Willilam A. Pizer has been a Fellow in RFF’s Quality of the Environment Division since 1996. His research seeks to quantify how various features of environmental policy and economic context, including uncertainty, individual and regional variation, technological change, irreversibility, spillovers, voluntary participation, and flexibility, influence a policy's efficacy. He applies much of this work to the question of how to design and implement policies to reduce the threat of climate change caused by manmade emissions of greenhouse gases. Recently, his work has considered the influence of uncertainty on discounting, the advantages of price versus quantity regulation for pollutants that accumulate in the environment, and consequences of environmental regulation on firm performance.
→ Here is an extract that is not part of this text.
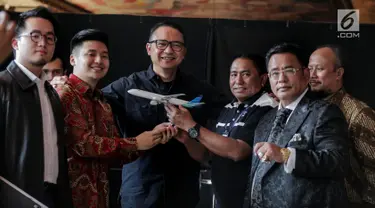 Dirut Garuda Indonesia I Gusti Ngurah Askhara Danadiputra (tiga kiri) bersama youtuber Rius Vernandes (kedua kiri) dan Ketua Harian Serikat Karyawan Garuda Indonesia Tomy Tampati (tiga kanan) foto bersama usai berdamai di Jakarta, Jumat (19/7/2019). (Liputan6.com/Faizal Fanani)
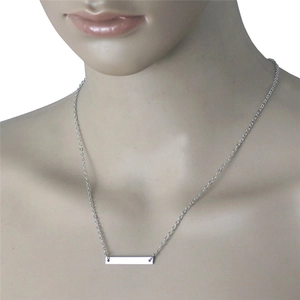 Minimalist silver stainless steel bar pendant necklace displayed on a mannequin neck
Currently, he is working on projects that look at the regional variation in household energy use, firm variation in pollution control costs, the effectiveness of voluntary programs, the role of technology programs in pollution control efforts, and consequences of banking and borrowing in pollution permit markets. Since August 2002, Pizer has worked part-time as a Senior Economist at the National Commission on Energy Policy. During 2001-2002, he served as a Senior Economist at the President's Council of Economic Advisers where he worked on environment and climate change issues.

He was a Visiting Scholar at Stanford University's Center for Environmental Science and Policy during 2000-2001, and taught at Johns Hopkins University during 1997-1999. Pizer holds a Ph.D. and M.A. in Economics from Harvard University, and a B.A. in Physics from the University of North Carolina at Chapel Hill.